Despite a strong tradition of voluntary philanthropy, India has a law to enforce philanthropy by companies. What, in your view, are the faults in the design?
The CSR law is fundamentally flawed. The concept is controversial, and experts do not even agree on how to define it, but both critics and enthusiasts agree that CSR is voluntary by its nature. Because CSR is voluntary, it precludes a legislative agenda by definition.
Mandatory CSR is inherently contradictory. CSR is an aspirational exercise, and it is not feasible to legislate aspirations. Laws only set minimum standards. For example, law can mandate expenditure on education, but it cannot mandate companies build “excellent schools.” If CSR expenditure is no longer voluntary and becomes mandatory, it is no longer CSR — it is just a tax. This is a hidden way to increase corporate taxes. Given the need for economic growth and economic liberalisation, it is unlikely the Indian polity desires an increase in corporate taxes. The corporate tax rate in India is already very high by international standards. Increasing taxes certainly will not help to make Indian firms more globally competitive nor attract more foreign investment into India and is not conducive to economic development.
What India needs is not just economic development, but inclusive development. Even to the extent that the CSR law has resulted in a real increase in socially beneficial expenditures, the spending has not gone to democratically determined priorities, but rather to whatever the companies prefer to emphasise. The CSR law works like a centralised tax with decentralised expenditures undertaken by private (unelected) parties according to their own priorities. This is clearly contrary to the fundamental logic of democratic governance. It is in effect taxation without representation.

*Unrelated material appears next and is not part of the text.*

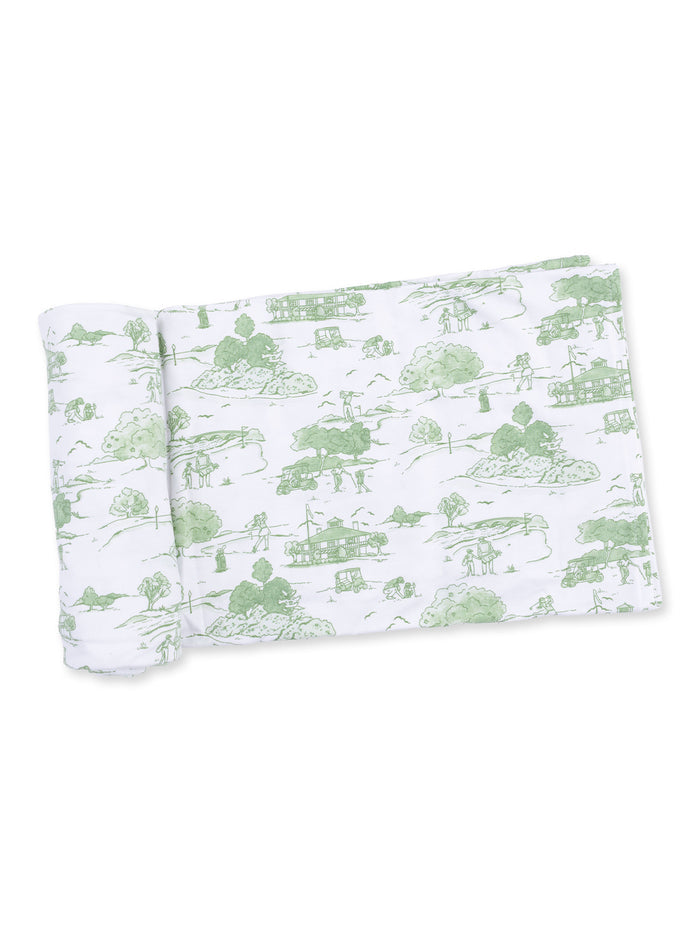 Green and white patterned fabric featuring scenic illustrations of nature and rural life.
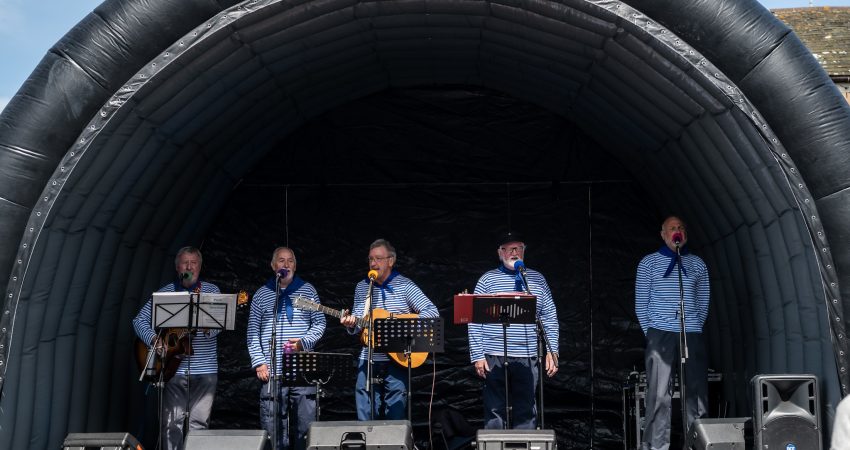 A photo of some musicians at the taste of the sea festival.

It is the government’s responsibility to determine high-priority needs of society and target public expenditures in these areas to achieve the nation’s goal of inclusive economic development. With the CSR law, the government has abdicated one of its primary functions and responsibilities.
Inequality in India, which was already high, has increased even more. The CSR law does not go far enough in reducing inequality and helping the disadvantaged. Inequality in India has several dimensions; an important one is geographic inequality. Some parts of India enjoy significantly higher levels of industrial development and per capita income than other parts. It is the responsibility of the central government to help achieve a geographically more egalitarian society. Perversely the CSR law helps entrench the current geographic inequality in development. A few states that are more industrialised account for a disproportionate share of all CSR spending. This, of course, reflects the inclinations, interests, and priorities of the business sector.
Without appropriate enforcement, and without an emphasis on accountability of results achieved (not funds spent), it is very unlikely that the CSR law will result in real effectiveness. But it does give the illusion of progress. This is “greenwashing” on a national scale.